EXERCISE DESCRIPTION: Below are records; print only the lines from the line containing "Skechers SATISFACTION- FLASH 58350-NVBK" to the end, both included, reproduced exactly and without the pictures.

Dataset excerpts
____
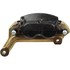 18-B4832A by A-1 CARDONE - Brake Caliper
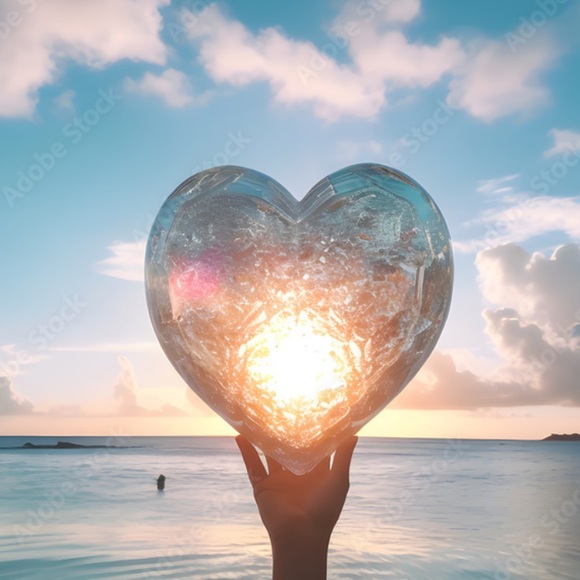 🧡💛🧡💛🧡💛🧡💛🧡💛🧡💛🧡💛🧡💛 - Picture 4 of 5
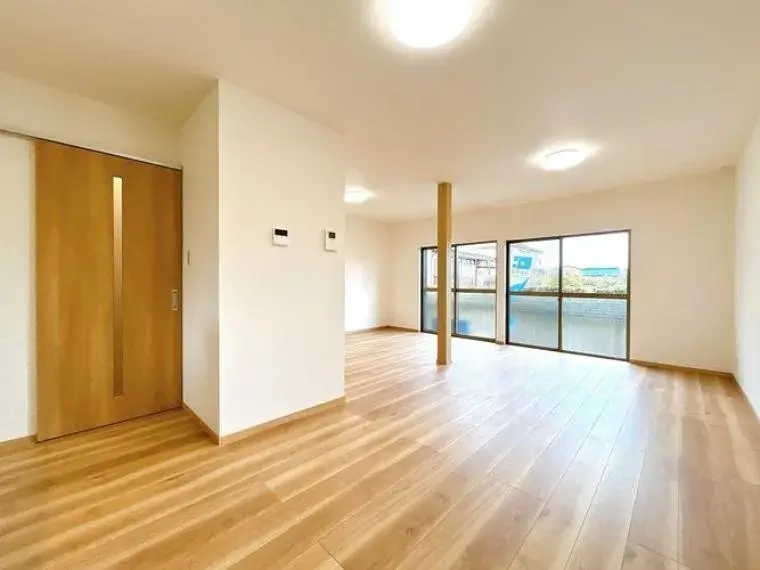4LDK مدينة غيفو محافظة غيفو (9)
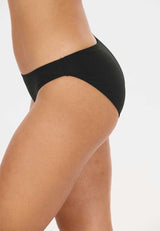 NOU Damen Bikinihose Estela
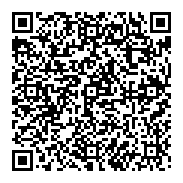 高雄廠房出租甲種工業區可廠登廠房燕巢廠房出租-QR CODE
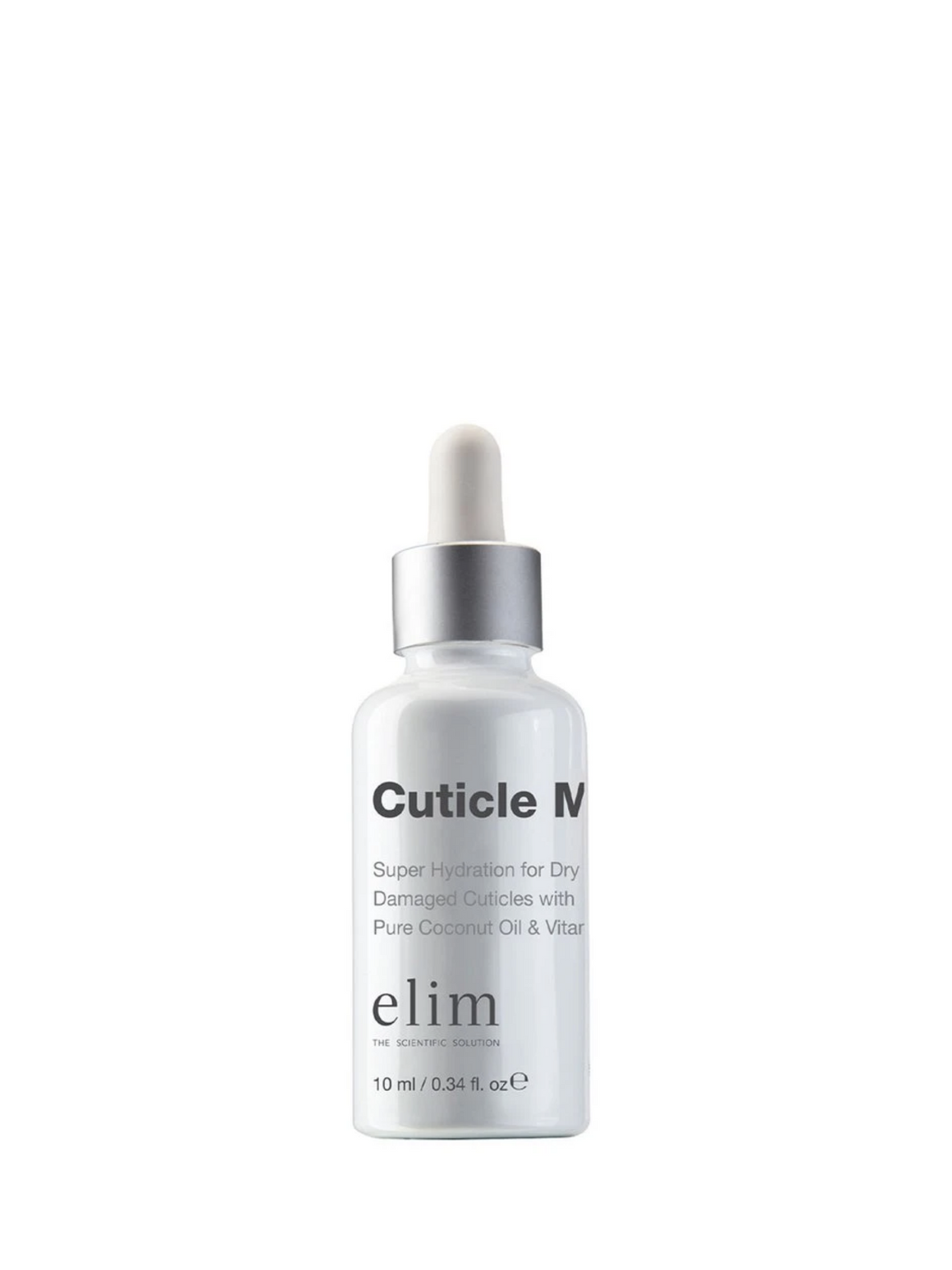 ELIM Cuticle MD 10ml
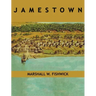 Jamestown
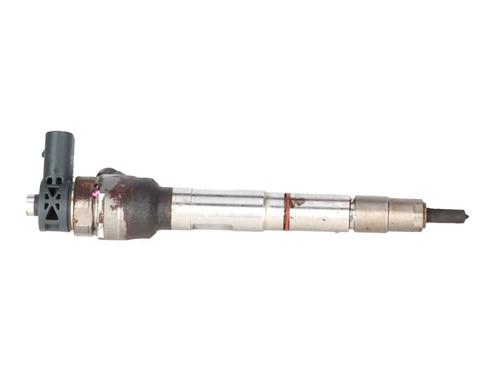 Used Injector Injector VW TOURAN (5T1) 2.0 TDI (150 hp) 34473560 34473560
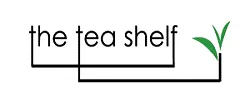 theteashelf-coupon-codes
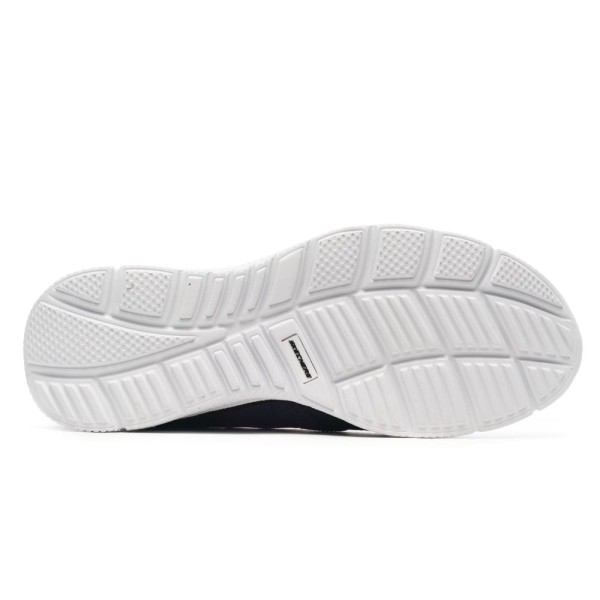 Skechers SATISFACTION- FLASH 58350-NVBK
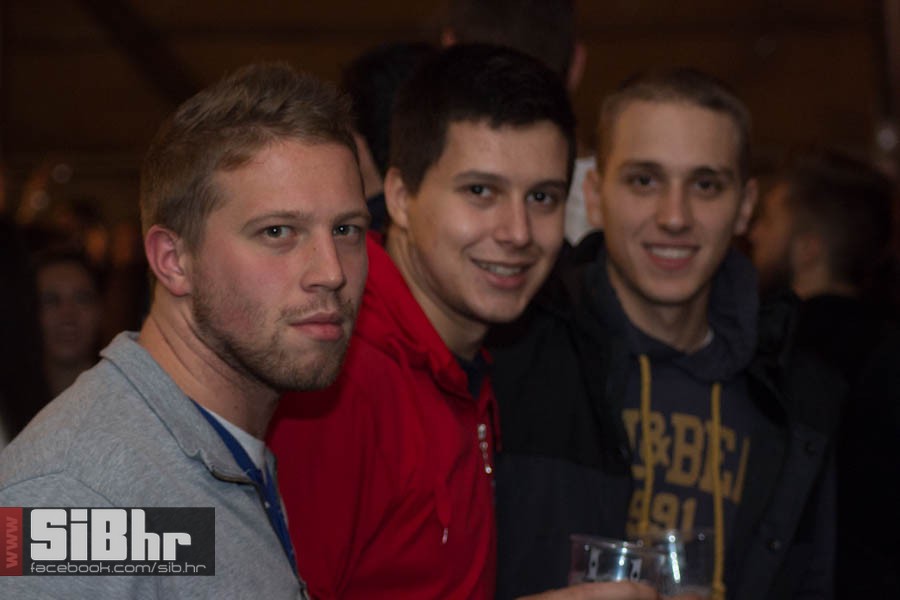 dani_piva_dan2_2015_SiBhr_46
____
WRITTEN RESPONSE:
 Skechers SATISFACTION- FLASH 58350-NVBK
 dani_piva_dan2_2015_SiBhr_46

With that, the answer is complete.